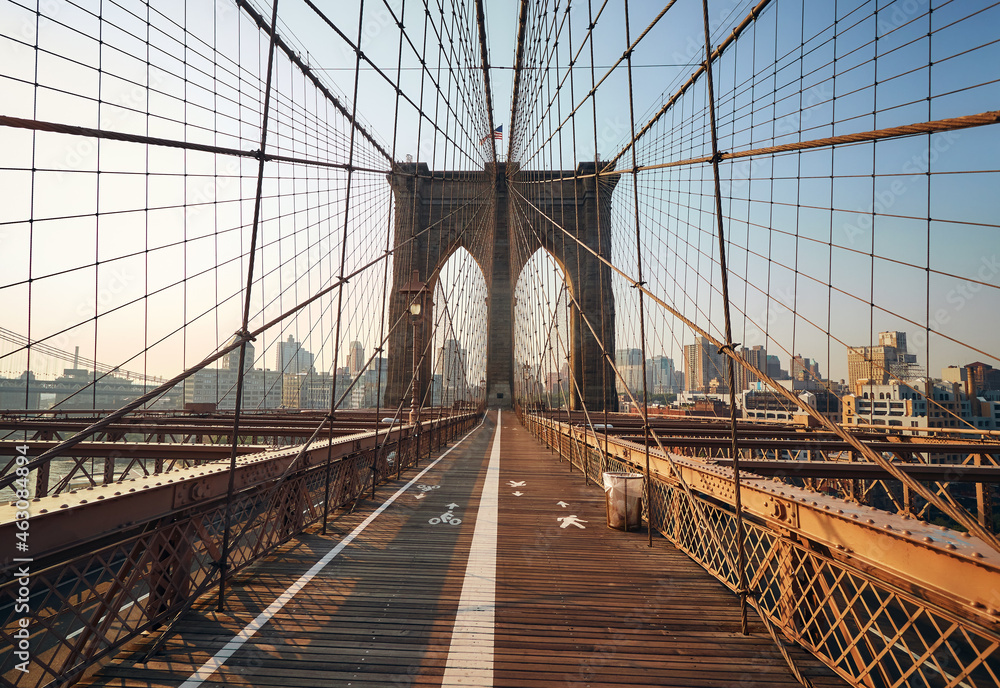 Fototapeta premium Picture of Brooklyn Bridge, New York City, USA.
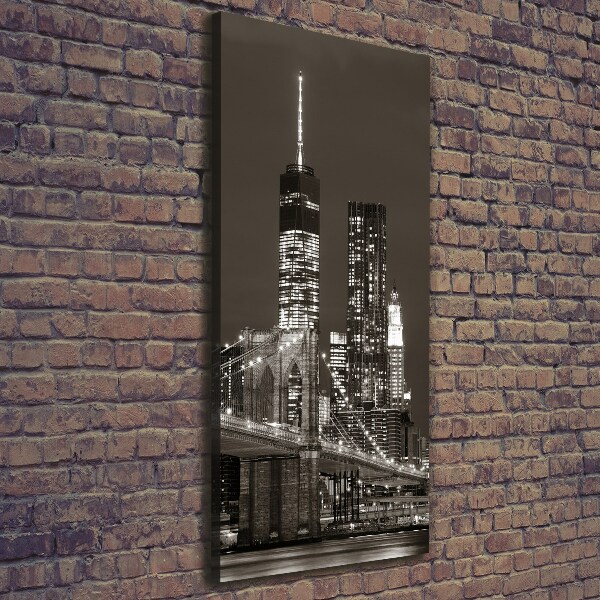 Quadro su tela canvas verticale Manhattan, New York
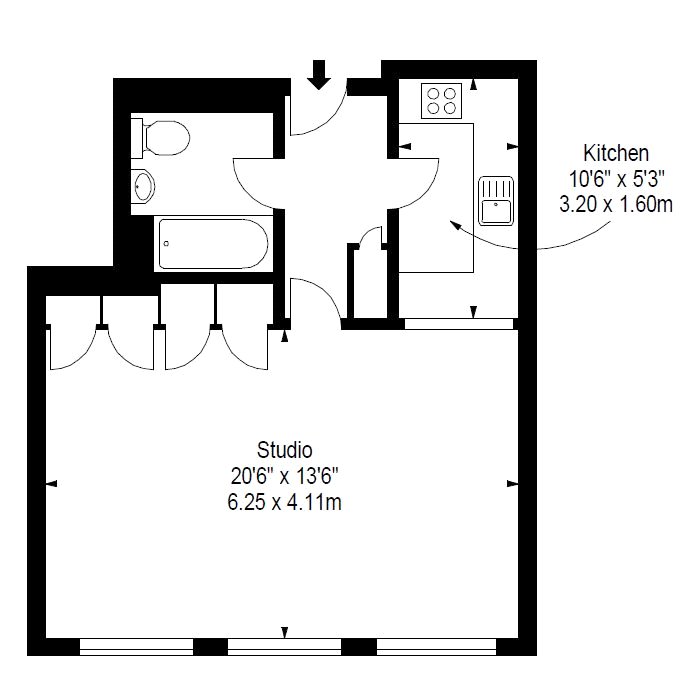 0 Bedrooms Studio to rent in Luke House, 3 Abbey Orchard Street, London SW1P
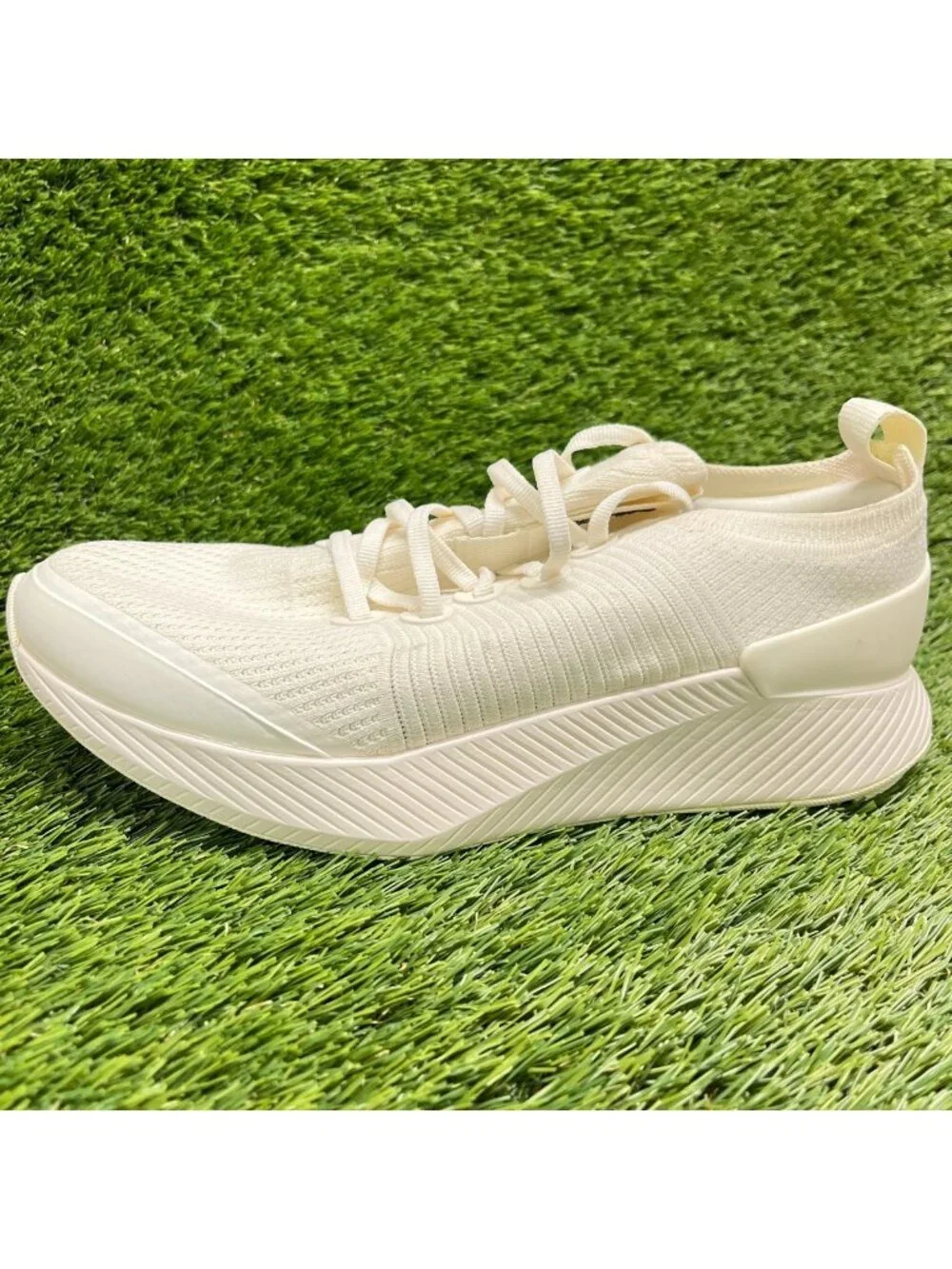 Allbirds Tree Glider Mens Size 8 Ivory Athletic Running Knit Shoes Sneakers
*-*-*
## What you have to do:
Reproduce all lines above exactly. Leave the images out.

## Solution below:
 Fototapeta premium Picture of Brooklyn Bridge, New York City, USA.
 Quadro su tela canvas verticale Manhattan, New York
 0 Bedrooms Studio to rent in Luke House, 3 Abbey Orchard Street, London SW1P
 Allbirds Tree Glider Mens Size 8 Ivory Athletic Running Knit Shoes Sneakers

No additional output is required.